I am by no means a professional brewer but I've made a half dozen fruit/spice beers and I have gleened a little insight from it. Aging a beer on whole fruit can add a nice zip to an otherwise nice beer. If your beer isn't any good to start with don't waste your money on fruit.
Problem:
The first fruit beer I made is a beer I made with Derek when visiting him in the early summer, there was still a chill in the air(which persisted into july this year), so we made a chocolate porter. We spiced it up with raspberries, and vanilla beans, and chocolate. Mistakes were surely made: the seeds from the raspberries made it into the beer as well as raspberry floaties. In my blackberry pale ale I limited most of the floaties but there are still a few, it's sad, but at least there are no seeds.
Solution:
What I needed to solve the problem of seeds and the problem of floaties was a syphon filter. My solution to this was to make a very narrow bag for my my syphon. This worked brilliantly both times that I have used it thus far. It took no sewing acumen to craft. I barely used maybe 8 stitches along the length of the bag and a running stitch along the bottom. In the top picture you can see the sleeve.
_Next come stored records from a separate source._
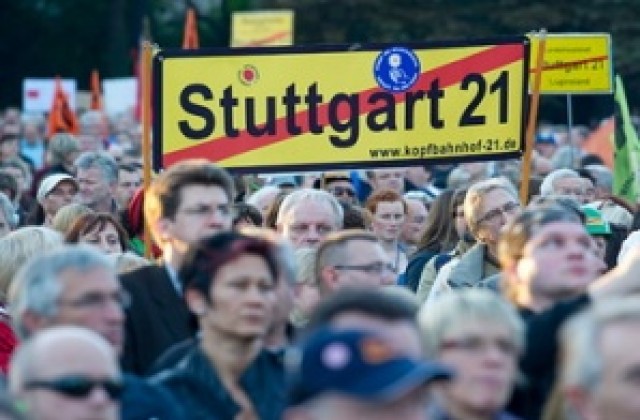 Хиляди германци протестираха в Мюнхен и Щутгарт
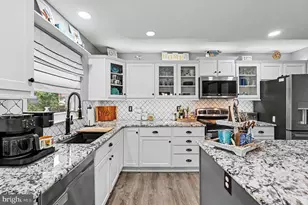 17 Silverthorn Ct, Stafford, VA 22554 - Photo 7
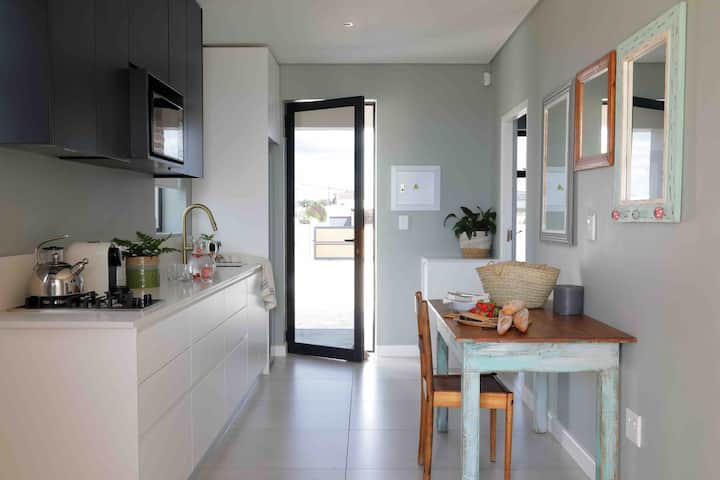 Luxury Beach Front Villa For 2 People - Langebaan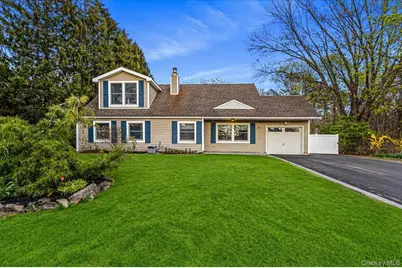 79 White Pine Way, Medford, NY 11763 - Photo 1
It fits the length of the syphon and is held up by being tight. It also stretches out from the top of the carboy and the tightness prevents it from slipping in. The stitch in the bottom picture is just putting the needle through and making a knot 2-3 times. then I would run the thread for an inch and make a few more knots. You could cut the thread each time but I find that unnecessary. After it is stitched turning the bag inside out will put the seem on the inside. This prevents getting crap stuck in the stitching. The porus material I used is the same material I used for my 'brew in a bag' bag.
Results:
So with the sleeve in hand I set about bottling my Belgian Quad aged on tart cherries and my Ginger Rye Munich Saison aged on fresh ginger. Both beers had tons of stuff floating around in them, ginger shavings and cherries. For whatever reason some cherries floated and some sank, and most of the ginger sank. you can see the ginger saison mid siphon(right) with clear beer in the syphon tube and the syphon resting on the ginger, a picture of the clear Belgian Quad(left) and the leftover cherries(right) which I syphoned the majority of the beer from.